*** Opening DATA TO PROCESS ***

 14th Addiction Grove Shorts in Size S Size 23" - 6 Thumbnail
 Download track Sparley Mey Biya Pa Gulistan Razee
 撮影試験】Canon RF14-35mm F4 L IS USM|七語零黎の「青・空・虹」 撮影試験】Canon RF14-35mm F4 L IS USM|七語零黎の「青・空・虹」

*** Closing DATA TO PROCESS ***
*** Opening DATA TO PROCESS ***

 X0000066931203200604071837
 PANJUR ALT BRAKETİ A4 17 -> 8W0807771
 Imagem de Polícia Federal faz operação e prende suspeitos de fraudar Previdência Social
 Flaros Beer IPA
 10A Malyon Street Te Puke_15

*** Closing DATA TO PROCESS ***
*** Opening DATA TO PROCESS ***

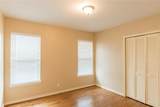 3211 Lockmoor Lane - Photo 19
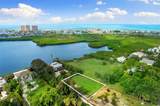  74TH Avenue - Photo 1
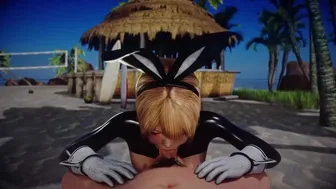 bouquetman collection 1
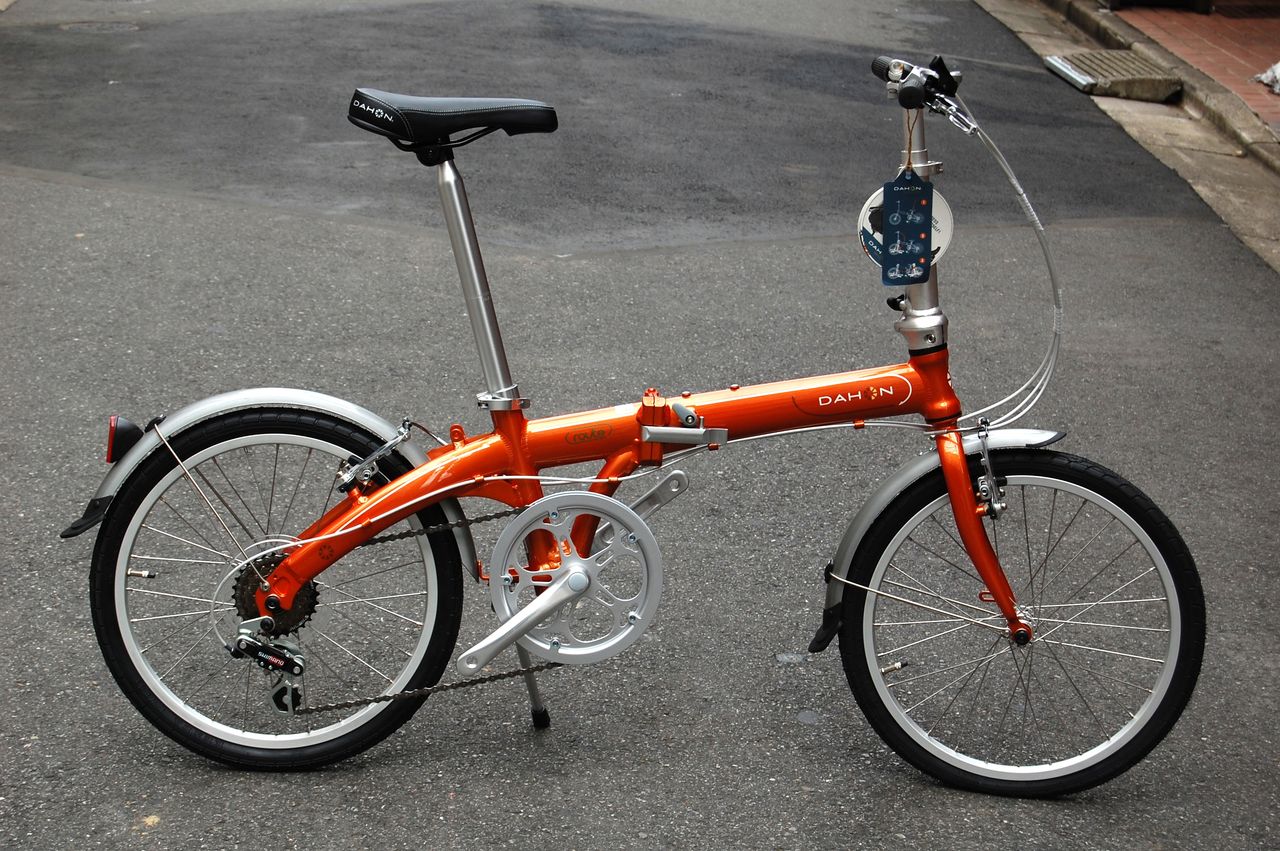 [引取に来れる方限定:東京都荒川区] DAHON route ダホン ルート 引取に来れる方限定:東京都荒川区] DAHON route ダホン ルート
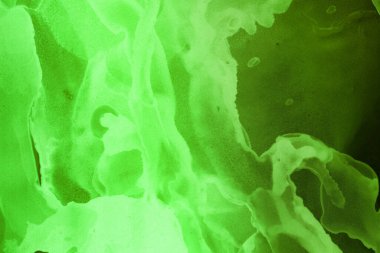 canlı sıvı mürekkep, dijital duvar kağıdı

*** Closing DATA TO PROCESS ***

▶ **REQUIRED WORK**
Look above for the line with "PANJUR ALT BRAKETİ A4 17 -> 8W0807771"; retype exactly that line, every line after it up to the line with "10A Malyon Street Te Puke_15", and that line too, nothing else.

▶ **TASK RESULT**
 PANJUR ALT BRAKETİ A4 17 -> 8W0807771
 Imagem de Polícia Federal faz operação e prende suspeitos de fraudar Previdência Social
 Flaros Beer IPA
 10A Malyon Street Te Puke_15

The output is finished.